The audience howled. Rock gave wokeism one more punch, “Everybody’s full of s***. Motherf***ers typing out woke ass tweets on a phone made by child slaves.”
“You need to cut it out, man,” he said.
Cut it out indeed.
https://twitter.com/aginnt/status/1632473698044350464
Rock is but the latest top-tier comedian to go to war against woke. For comedians in particular, their profession is often based on the premise of limitless expression and saying things you might not express at the dinner table. That’s part of what makes it funny—the irreverence.
In recent years, everyone from celebrities to everyday people have watched their jobs or reputations suffer because they dared to step outside the lines of what woke enforcers deemed ‘acceptable’ speech or thought. For too long the very concept of American freedom was challenged by an intolerant mob—online, governmental, corporate, and elsewhere—that insisted that society at large must conform to politically correct parameters set by them.
It was never a question or a debate. It was a demand. Because of this, it was always unsustainable. That dam was always going to break.
Real people don’t actually act like that or want to act like that. Wokeism at its core was always not only anti-liberal but anti-human.
Often today, popular culture seems to be pushing back significantly against the utter absurdity of wokeness. Rock is one of the most high profile figures leading that charge, but if you had to choose a breaking point, my gauge is Dave Chapelle’s 2021 Netflix special ‘The Closer’ in which the woke mob demanded that the major streaming platform cancel Chappelle over his controversial remarks about transgenderism.
There were protests. There were walkouts. At the time, Chappelle did suffer some minor professional setbacks. But he ultimately weathered the storm.
He said in response to his critics at the time, "This film that I made was invited to every film festival in the United States. Some of those invitations I accepted. When this controversy came out about 'The Closer', they began disinviting me from these film festivals. And now, today, not a film company, not a movie studio, not a film festival, nobody will touch this film.”
Chappelle praised Netflix and its chief executive officer for standing by him, “Thank God for Ted Sarandos and Netflix, he's the only one that didn't cancel me yet."
Chappelle also told his critics he would not bow down.
"To the transgender community, I am more than willing to give you an audience, but you will not summon me,” Chappelle insisted. “I am not bending to anyone's demands.”
We can expect wokesters not to like the Rock special and some may even protest. But after the Chappelle controversy two years ago, it seems even they sense they don’t have the power they imagined they had in 2021. A time when even critics of wokeism like myself also feared they had that kind of strength.

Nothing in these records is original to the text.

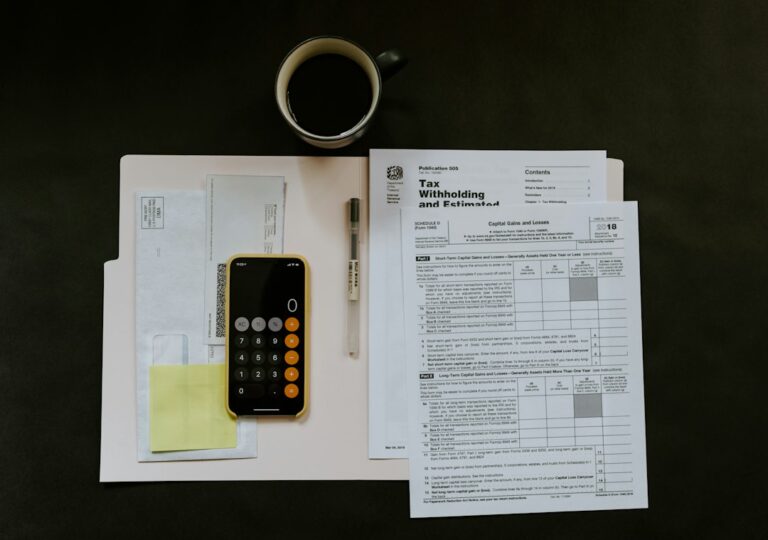 A homeowner reviews a tax notice beside folders of receipts, bank statements, and an organized tax return.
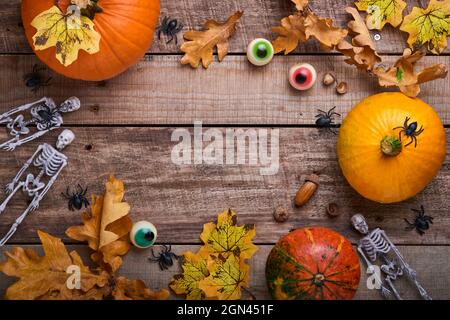 Citrouille d'Halloween. Décoration automnale festive composée de citrouilles, de feuilles, d'araignées, de squelettes et d'yeux amusants sur fond de bois ancien. Composition d'automne Flat Lay Banque D'Images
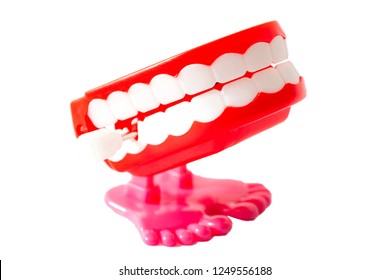 Stand Up Comedy Show, Windup Joke Toy And Prank Toys Concept With A Pair Of Red Wind Up Chattering Teeth With Pink Legs Isolated On White Background With A Clip Path Cutout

There was a pre-woke time where most could have their say, others might have opinions about those opinions and were free to express those too, but most Americans weren’t constantly walking on pins and needles afraid to express themselves or think outside someone else’s box.
When people used to say, as Rock might put it, “stupid s***”, it wouldn’t necessarily be a career ender. ‘It’s a free country’ used to be a common retort to disagreements.
It should remain free. Thanks to Chris Rock for helping.